Would it make sense to leave the data store files as they are, but filter out non-coding genes in the integration code?
There's really nothing wrong with having non-coding genes in the mines per se, I think it would make more sense to just have an option that tells the validator to "chillax" (this being a cool season legume and all). The only reason to have the check in the first place is to guard against major snafus, but minor snafus are what this business is all about.

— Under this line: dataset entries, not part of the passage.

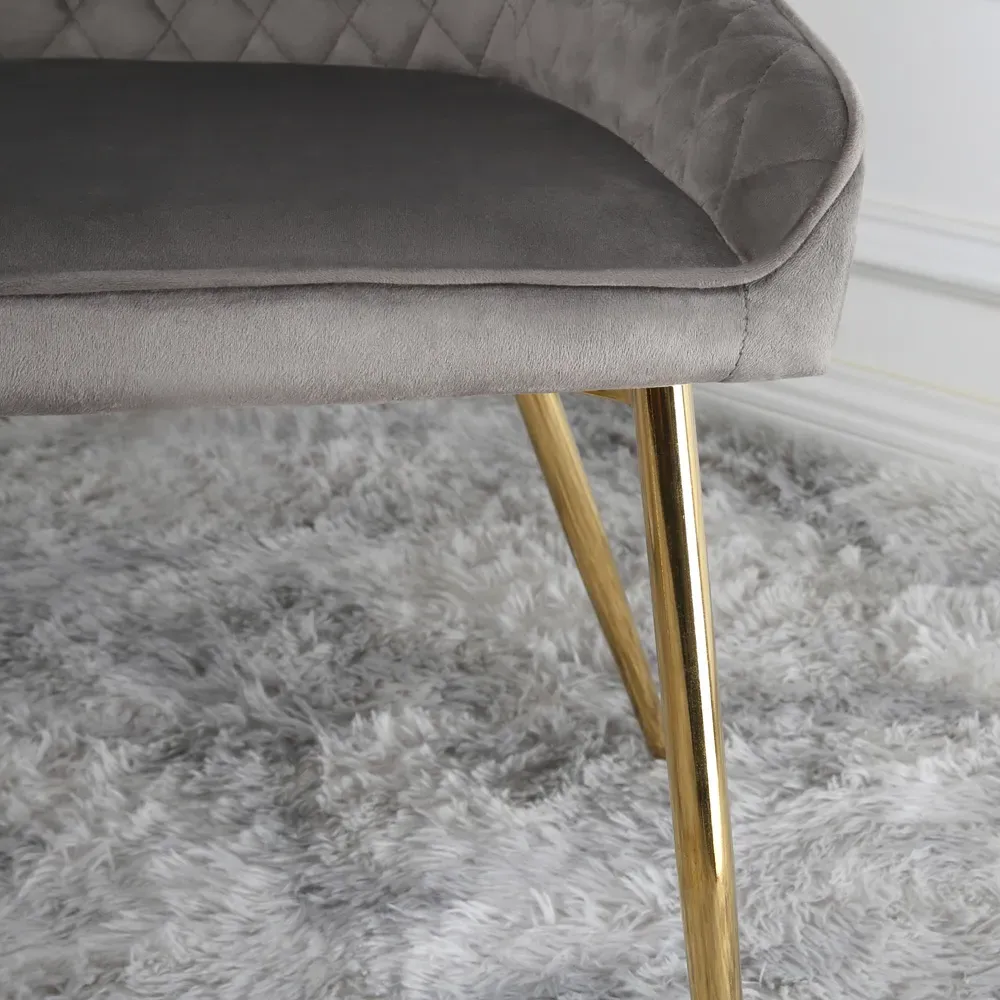 Hamilton Set of 2 Dining Chairs - Grey, Velvet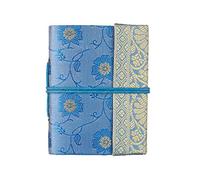 Paper High Handmade Sari Notebook - Mini 8 x 10.5cm - Blue - Unlined Recycled Paper - Pocket Notebook and Diary - Indian Stationery Gift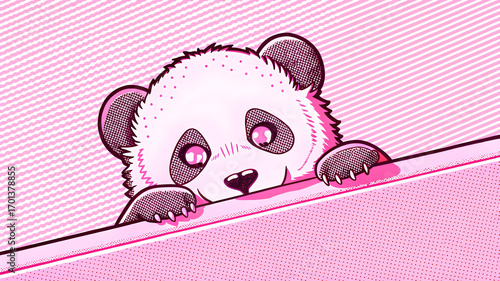 Pink panda peeking over edge cute cartoon image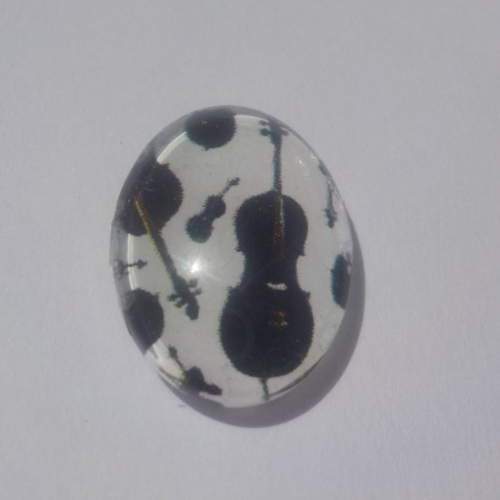 Cabochon de verre musique, ovale, 13x18 mm, noir, blanc,
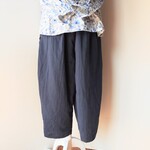 〈お肌に優しい〉スラブダブルガーゼすっきりバルーンパンツ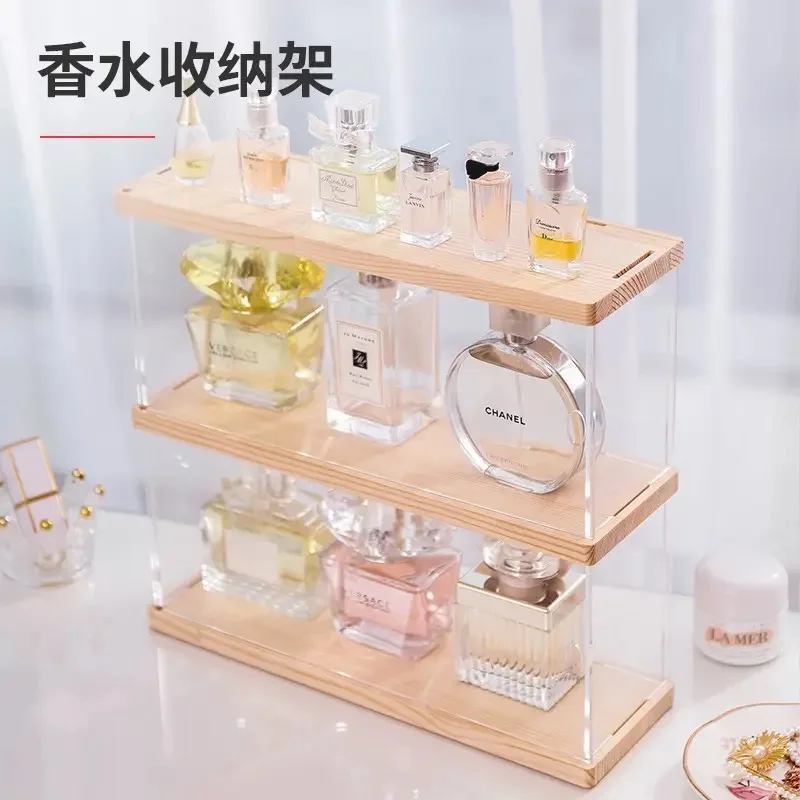 Perfume Organizer Dustproof Transparent Cosmetic Skincare Display Stand Acrylic Solid Wood Dressing Table Desktop Storage Box 5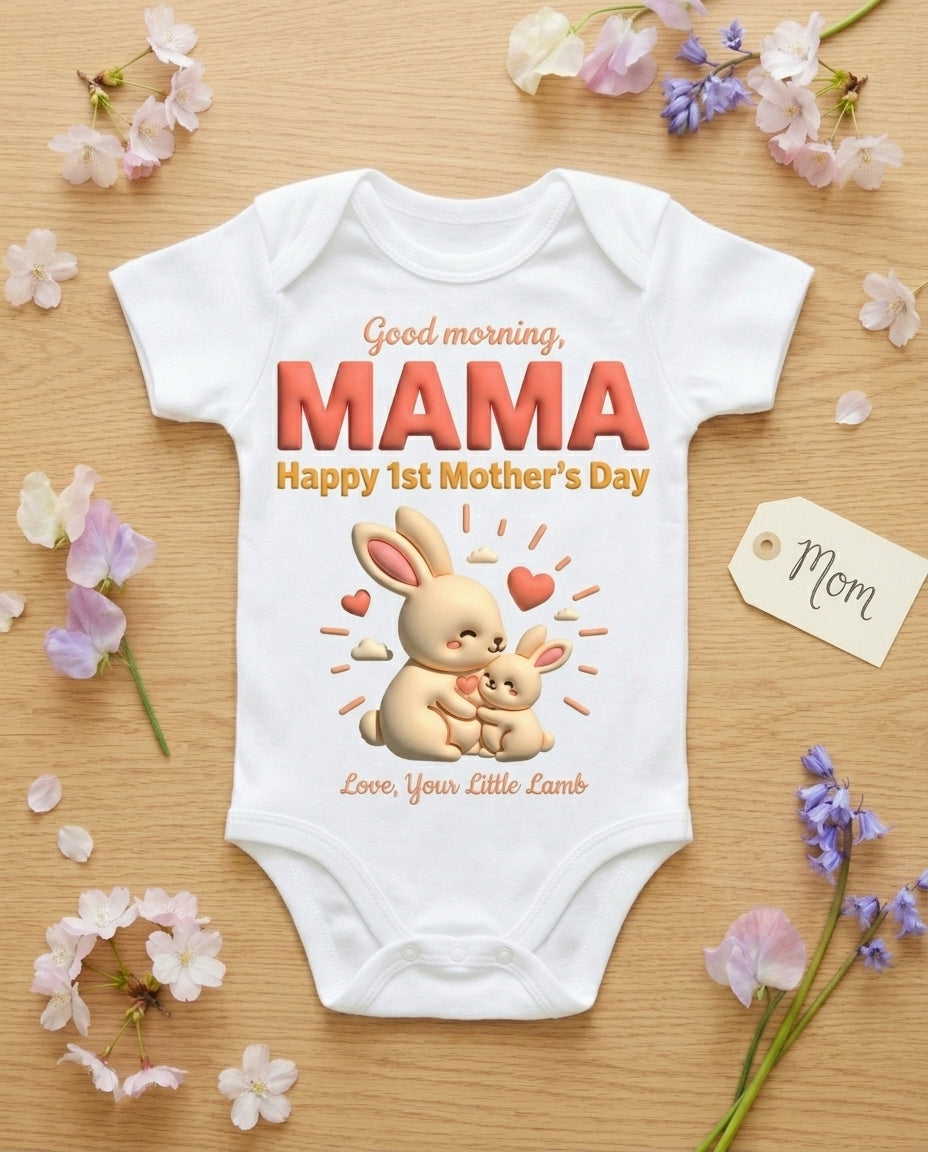 TotKind - Bunny Good Morning First Mothers Day - Baby Onesie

But I do still need to apply the segregation procedure to this (and maybe other) data collection. Will let you know when try-againable
For TrifoliumMine, I think the T. pratense MilvusB annotations and T. subterraneum Daliak annotations still need it.
ViciaMine: V. faba Tiffany annotations have no 'noncoding' file, but maybe there were no noncoding genes? (I was able to rebuild the ViciaMine database after your updates.)
I prepared some more mines for the 5.1.0.4 upgrade. LensMine and LupinusMine have the same problem with noncoding genes, CajanusMine appears not to and is still running the 'integrate' step.
Working on adding an optional maxGenesWithoutNotes
property in each mine's project.xml
to address this issue. I propose:
I found two ways to do this:
Add it to gradle.properties as a Java system property. (This does not work for either .intermine/<mine-name>.properties
or project.xml
)
## maximum number of genes without Notes
systemProp.maxGenesWithoutNotes=-1
Add it on the command line, like
./gradlew integrate --stacktrace -DmaxGenesWithoutNotes=-1
I prefer the second way as you can decide to override it on the fly instead of changing a file.
Using the second option for now - commit https://github.com/ncgr/java/commit/064ae8516064110e31c7ea7057732c0cd8970cf0.
In annotations (gff3) files, what should we do about genes missing the Note attribute? The InterMine build process expects this attribute to exist.
Workaround for experimental ViciaMine: I added ";Note=none" to the attributes column where necessary. However, @adf-ncgr says that these genes are not protein-coding and should therefore not have been included in the annotations.